Records from a dataset:
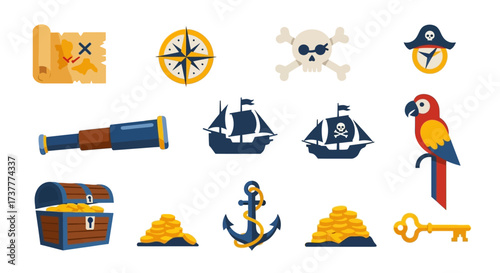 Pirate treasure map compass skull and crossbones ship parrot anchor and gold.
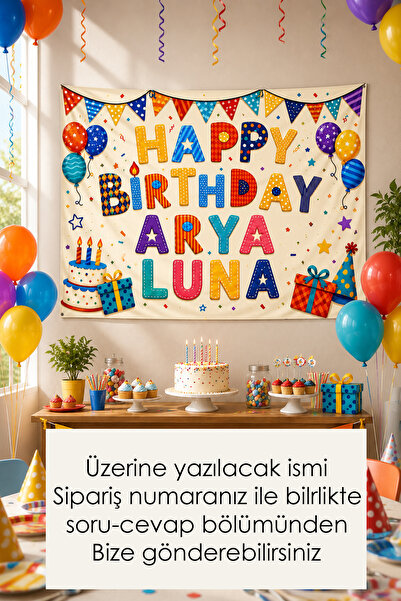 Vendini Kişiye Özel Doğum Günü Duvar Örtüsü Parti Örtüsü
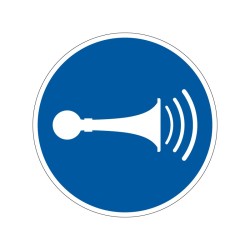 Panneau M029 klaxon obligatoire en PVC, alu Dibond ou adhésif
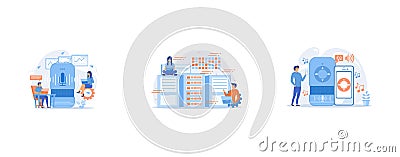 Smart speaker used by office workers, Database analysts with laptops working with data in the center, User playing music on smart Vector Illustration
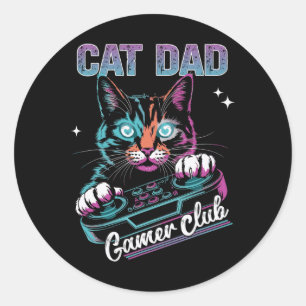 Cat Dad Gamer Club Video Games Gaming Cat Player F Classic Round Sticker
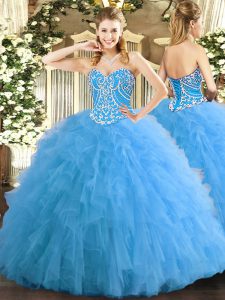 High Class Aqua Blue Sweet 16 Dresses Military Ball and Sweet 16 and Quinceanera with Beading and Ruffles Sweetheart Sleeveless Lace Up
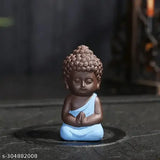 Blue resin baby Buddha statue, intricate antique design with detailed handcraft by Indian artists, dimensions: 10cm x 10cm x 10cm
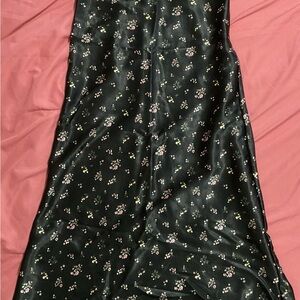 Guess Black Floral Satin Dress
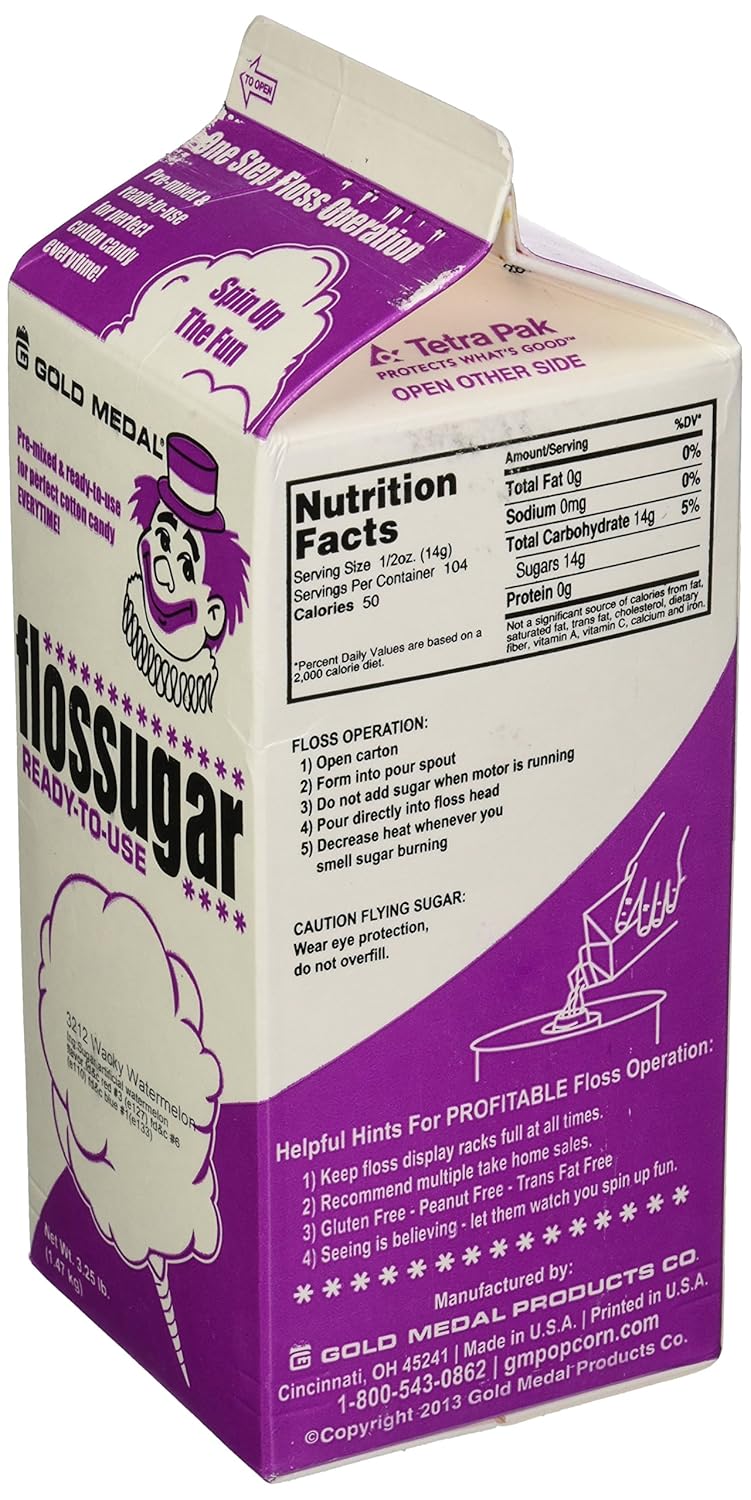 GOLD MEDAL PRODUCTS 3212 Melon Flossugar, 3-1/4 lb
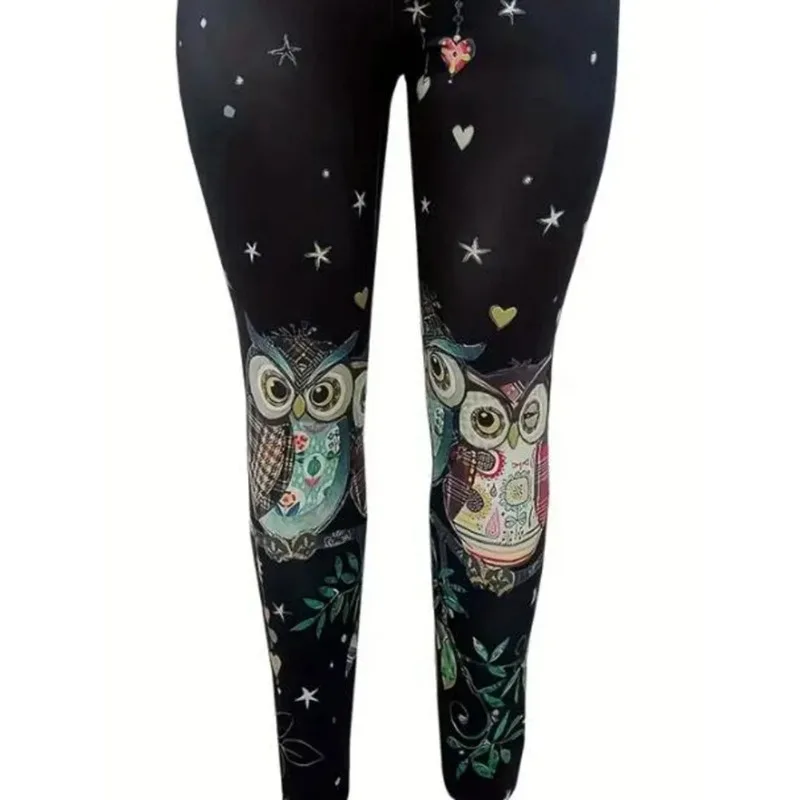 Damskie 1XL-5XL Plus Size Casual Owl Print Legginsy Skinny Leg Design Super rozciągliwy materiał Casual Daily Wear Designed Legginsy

*What you have to do*:
Return only the stretch above from the line containing "Panneau M029 klaxon" through the line containing "High Class Aqua", word for word and without pictures.

*Expected output*:
 Panneau M029 klaxon obligatoire en PVC, alu Dibond ou adhésif
 Smart speaker used by office workers, Database analysts with laptops working with data in the center, User playing music on smart Vector Illustration
 Cat Dad Gamer Club Video Games Gaming Cat Player F Classic Round Sticker
 High Class Aqua Blue Sweet 16 Dresses Military Ball and Sweet 16 and Quinceanera with Beading and Ruffles Sweetheart Sleeveless Lace Up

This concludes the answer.